They kept tabs on more than 30,000 people – mostly from France – for a month. At random times throughout the day, they would check in on those study participants, or, rather, an app called 58 seconds would check in on them via automated text messages. The texts would ask how each person was feeling, what they were doing at that given moment, and who they were with if they weren’t alone.
Responses gave researchers a full day’s worth of data on each person’s activities and mood. This way, they could see how time with any given person – or spent alone – influenced that person’s feelings of happiness. As part of their anonymous, but very intimate analysis, the researchers also took into account how fun, or not, each activity the participants had done throughout the day was, and even minutia of their personalities, like whether they tended to be in a better mood generally at the start or end of the day.

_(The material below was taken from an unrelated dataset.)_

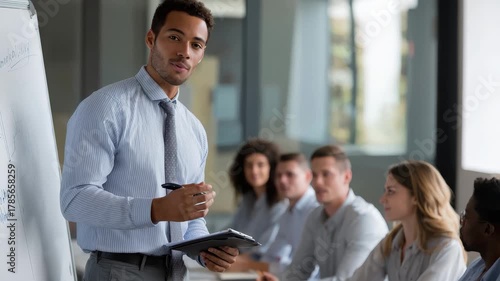 Indian business trainer engages multiethnic group of attendees in interactive training session focused on professional development and communication skills in a modern conference room setting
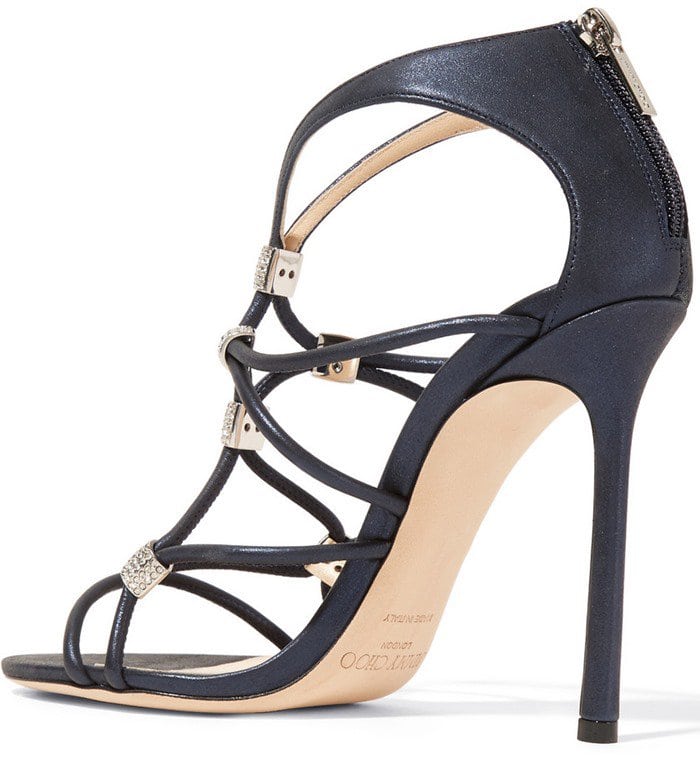 Jimmy Choo "Tetrus" Swarovski Crystal-Embellished Leather Sandals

They found that when people were feeling down, they tended to reach out to and spend time with friends and close connections. Quality time with loved ones acted like a form of comfort and a social boost. People tended to report better moods after these intimate interactions. Happy people, on the other hand, actually went looking for less obviously pleasant situations. They would choose ‘less pleasant types of social relationships that might promise long-term payoff when they feel good,’ the study authors wrote. But in the short term, these happier people’s less-fun activities did actually make them feel worse.
Psychologists have numerous theories to explain happiness, why we behave socially the ways we do and how the two phenomena relate to one another. ‘Social relationships are viewed as essential to happiness, and happiness is thought to foster social relationships,’ the authors write. ‘However, empirical support for this widely held view is surprisingly mixed, and this view does little to clarify which social partner a person will be motivated to interact with when happy.’Their findings fit a model called the ‘hedonic-flexibility principle.’
Essentially, this principle says that we don’t just do what feels best at all times – mostly because there are things that have to be done, however unpleasant. Operating by the hedonic flexibility principle, we are always trying to maintain a kind of happiness equilibrium. When we’re unhappy, we need time with friends and loved ones to boost us back up at least to, if not above, baseline.
But when we’re operating with a happiness surplus, we can stand for our mood to take a hit or two while doing less pleasant activities, like networking, meetings, or spending half an hour on the phone – mostly on hold – with your internet provider. And this pattern, the researchers hope, could shed light on how depressed and anxious people’s social patterns are worsening their conditions.